There are three noteworthy prophecies of Ezekiel regarding Tyre that were fulfilled much after the book of Ezekiel was written and completed. The first one is regarding the demise of Tyre,
וּנְתַתִּיךְ לִצְחִיחַ סֶלַע מִשְׁטַח חֲרָמִים תִּהְיֶה לֹא תִבָּנֶה
עוֹד כִּי אֲנִי יְדֹוָד דִּבַּרְתִּי נְאֻם אֲדֹנָי
This verse contains two predictions: 1) that Tyre will be destroyed and never regain its previous stature. 2) that the island will become a spot for the fisherman to spread their nets (משטח חרמים). The first one indeed occurred in the times of Alexander the great. For six months he besieged it till he broke through their defenses and reduced it to ruins, and since then it was never rebuilt. The second one has also undoubtedly been fulfilled,
Historian Philip Myers said, “Alexander the Great reduced it [Tyre] to
ruins (332 B.C.). She recovered in a measure from this blow, but never
regained the place she had previously held in the world. The larger
part of the site … is now as bare as the top of a rock–a place where
the fishermen that still frequent the spot spread their nets to dry”
(General History for Colleges and High Schools [Boston: Ginn and Co.,
1889], p. 55). That fulfills the prophecies of Ezekiel 26:4-5, 14. The
island city was repopulated, later to be destroyed by the Moslems in
A.D. 1281. However, God said the mainland city would never be
rebuilt–and it never has. Jerusalem has been rebuilt many times but
Tyre will never be rebuilt because a prophet in Babylon said
twenty-five centuries ago, “Thou shalt be built no more” (Ezek.

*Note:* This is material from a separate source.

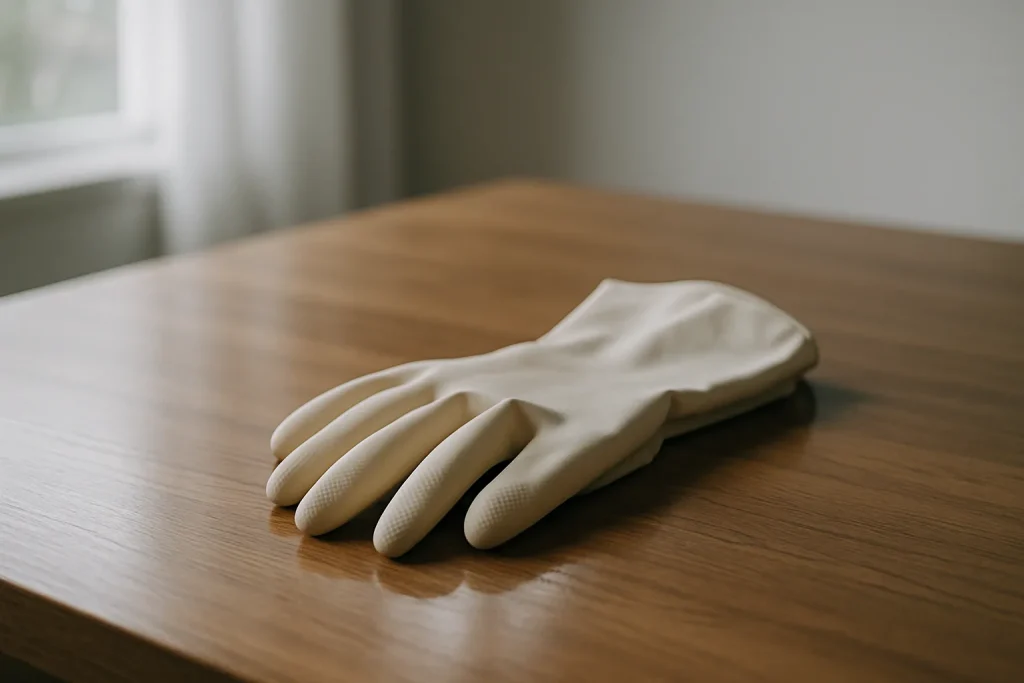 Gants de nettoyage sur une table en bois, lumière naturelle douce.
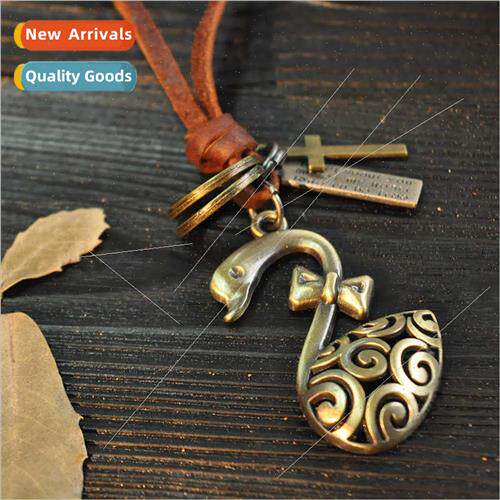 Swan shape pendant new retro metal pendant cowhide necklace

There is one more remarkable prophecy regarding Tyre that its accuracy astounds the reader,
כִּי כֹה אָמַר אֲדֹנָי יֱדֹוִד בְּתִתִּי אֹתָךְ עִיר
נֶחֱרֶבֶת כֶּעָרִים אֲשֶׁר לֹא נוֹשָׁבוּ בְּהַעֲלוֹת עָלַיִךְ אֶת
תְּהוֹם וְכִסּוּךְ הַמַּיִם הָרַבִּים: (כ) וְהוֹרַדְתִּיךְ אֶת
יוֹרְדֵי בוֹר אֶל עַם עוֹלָם וְהוֹשַׁבְתִּיךְ בְּאֶרֶץ תַּחְתִּיּוֹת
כָּחֳרָבוֹת מֵעוֹלָם אֶת יוֹרְדֵי בוֹר לְמַעַן לֹא תֵשֵׁבִי וְנָתַתִּי
צְבִי בְּאֶרֶץ חַיִּים:
Indeed this has been fulfilled,
In his memoirs, a section is included concerning the city of Tyre.
From Sidon it is half a day’s journey to Sarepta (Sarfend), which
belongs to Sidon. Thence it is a half-day to New Tyre (Sur), which is
a very fine city, with a harbour in its midst.... There is no harbour
like this in the whole world. Tyre is a beautiful city.... In the
vicinity is found sugar of a high class, for men plant it here, and
people come from all lands to buy it. A man can ascend the walls of
New Tyre and see ancient Tyre, which the sea has now covered, lying at
a stone’s throw from the new city. And should one care to go forth by
boat, one can see the castles, market-places, streets, and palaces in
the bed of the sea (1907, emp. added.).
From this twelfth-century A.D. text, then, we learn that by that
period of time the city known as ancient Tyre lay completely buried
beneath the sea and a new city, most likely on some part of the
island, had been erected.
In addition, Benjamin Tudela’s quote corresponds precisely to the
statement that the prophet made in the latter part of chapter 26: “For
thus says the Lord God: ‘When I make you a desolate city, like the
cities that are not inhabited, when I bring the deep upon you, and
great waters cover you’” (26:19, emp. added).
These prophecies have been so amazingly accurately fulfilled, that it caused some scholars to doubt the date of its composition (the book of Ezekiel). But in reality it couldn't have been composed or even edited later than the second century BC (the time most of the Septuagint was written), and since the destruction of Tyre happened in the year 332 BC, there is not much room left for parts to have been inserted by editors. There is more evidence that the book has not been tampered with (since the prophecies of Ezekiel were written down during the exile), since the seemingly unfulfilled parts (the part with Nebuchadnezzar destroying Tyre, see below) were not excised from the book. In any case, the other two prophecies were surely not fulfilled until much later after the books of the Tanakh were canonized and reviewed by multitudes of people.
The block quotes are cited from http://apologeticspress.org/apcontent.aspx?category=13&article=1790
Regarding the unfulfilled prophecy of Nebuchadnezzar destroying Tyre, see previous link where he tries to resolve the issue, however in my opinion the issue still remains unresolved.